Work instruction:
The reply should consist of the line containing "Image titled Treat a Black Toenail Step 7" and all lines after it in the listing below, reproduced exactly and nothing more.

Supplied entries:
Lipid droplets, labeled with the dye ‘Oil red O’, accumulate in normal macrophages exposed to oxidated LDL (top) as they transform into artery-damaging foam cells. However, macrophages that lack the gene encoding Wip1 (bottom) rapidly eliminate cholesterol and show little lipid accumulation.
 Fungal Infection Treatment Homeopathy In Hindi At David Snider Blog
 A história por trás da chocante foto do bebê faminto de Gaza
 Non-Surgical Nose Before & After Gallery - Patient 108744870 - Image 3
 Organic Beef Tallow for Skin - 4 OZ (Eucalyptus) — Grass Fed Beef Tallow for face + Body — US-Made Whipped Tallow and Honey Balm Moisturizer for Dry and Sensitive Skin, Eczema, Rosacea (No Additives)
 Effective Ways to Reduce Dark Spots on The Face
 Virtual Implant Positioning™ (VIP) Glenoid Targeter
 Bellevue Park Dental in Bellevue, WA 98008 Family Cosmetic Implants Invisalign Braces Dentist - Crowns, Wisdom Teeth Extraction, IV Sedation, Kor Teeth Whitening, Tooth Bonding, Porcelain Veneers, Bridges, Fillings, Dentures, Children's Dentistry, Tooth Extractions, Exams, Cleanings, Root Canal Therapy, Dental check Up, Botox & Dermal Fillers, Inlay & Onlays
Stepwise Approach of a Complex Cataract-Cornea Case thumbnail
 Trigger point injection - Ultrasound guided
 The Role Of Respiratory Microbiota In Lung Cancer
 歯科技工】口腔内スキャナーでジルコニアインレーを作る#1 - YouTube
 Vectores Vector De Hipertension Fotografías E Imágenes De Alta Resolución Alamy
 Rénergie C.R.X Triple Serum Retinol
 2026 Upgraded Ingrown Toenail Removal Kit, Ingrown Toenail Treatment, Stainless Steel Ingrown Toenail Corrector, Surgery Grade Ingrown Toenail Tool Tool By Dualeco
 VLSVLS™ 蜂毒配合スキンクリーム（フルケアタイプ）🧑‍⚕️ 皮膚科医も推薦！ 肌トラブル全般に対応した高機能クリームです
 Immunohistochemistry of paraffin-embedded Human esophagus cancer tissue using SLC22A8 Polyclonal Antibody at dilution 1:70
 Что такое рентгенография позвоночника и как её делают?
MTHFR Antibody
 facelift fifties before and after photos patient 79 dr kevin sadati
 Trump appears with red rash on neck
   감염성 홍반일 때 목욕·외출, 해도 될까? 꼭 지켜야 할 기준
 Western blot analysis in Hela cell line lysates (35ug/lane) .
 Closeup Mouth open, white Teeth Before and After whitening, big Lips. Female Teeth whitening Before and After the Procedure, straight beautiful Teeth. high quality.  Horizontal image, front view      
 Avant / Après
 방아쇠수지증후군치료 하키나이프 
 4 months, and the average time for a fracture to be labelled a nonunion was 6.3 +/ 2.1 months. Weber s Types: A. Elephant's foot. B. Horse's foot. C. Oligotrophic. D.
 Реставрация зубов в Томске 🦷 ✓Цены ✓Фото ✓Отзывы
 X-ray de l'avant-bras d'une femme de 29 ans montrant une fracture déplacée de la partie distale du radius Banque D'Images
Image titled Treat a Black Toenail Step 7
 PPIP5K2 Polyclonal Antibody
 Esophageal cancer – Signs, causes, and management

Result for this task:
Image titled Treat a Black Toenail Step 7
 PPIP5K2 Polyclonal Antibody
 Esophageal cancer – Signs, causes, and management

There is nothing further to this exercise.